Transcribe the data that follows without changing a word, and omit the pictures.

§ Supplied data:
*** Block opens ***

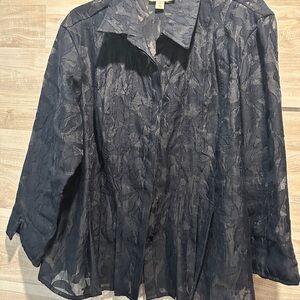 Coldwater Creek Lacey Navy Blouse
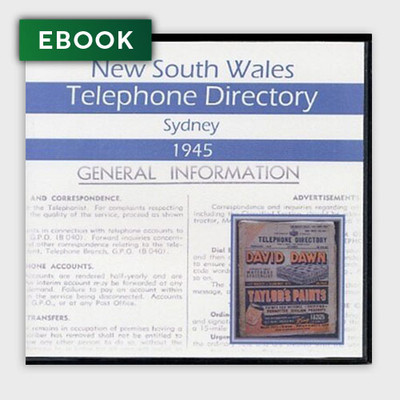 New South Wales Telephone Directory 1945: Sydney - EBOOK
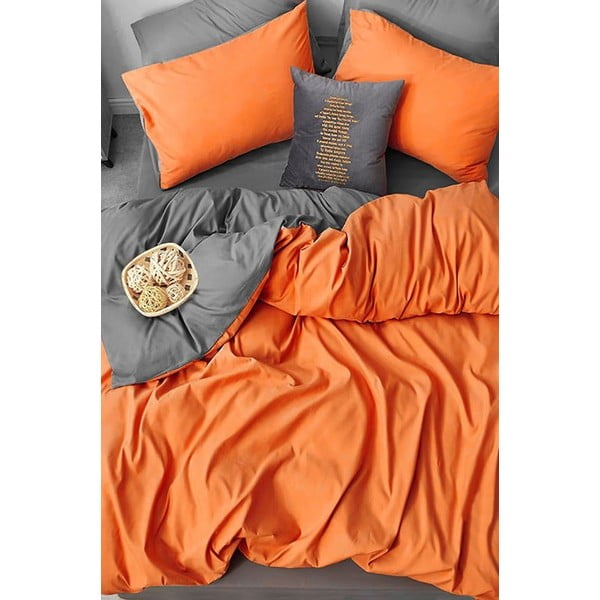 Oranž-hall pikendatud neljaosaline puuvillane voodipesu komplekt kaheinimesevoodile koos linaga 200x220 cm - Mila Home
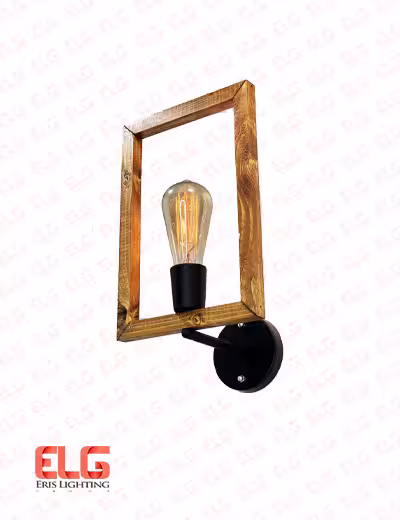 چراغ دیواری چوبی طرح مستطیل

*** Block closes ***

§ Answer for this exercise:
 Coldwater Creek Lacey Navy Blouse
 New South Wales Telephone Directory 1945: Sydney - EBOOK
 Oranž-hall pikendatud neljaosaline puuvillane voodipesu komplekt kaheinimesevoodile koos linaga 200x220 cm - Mila Home
 چراغ دیواری چوبی طرح مستطیل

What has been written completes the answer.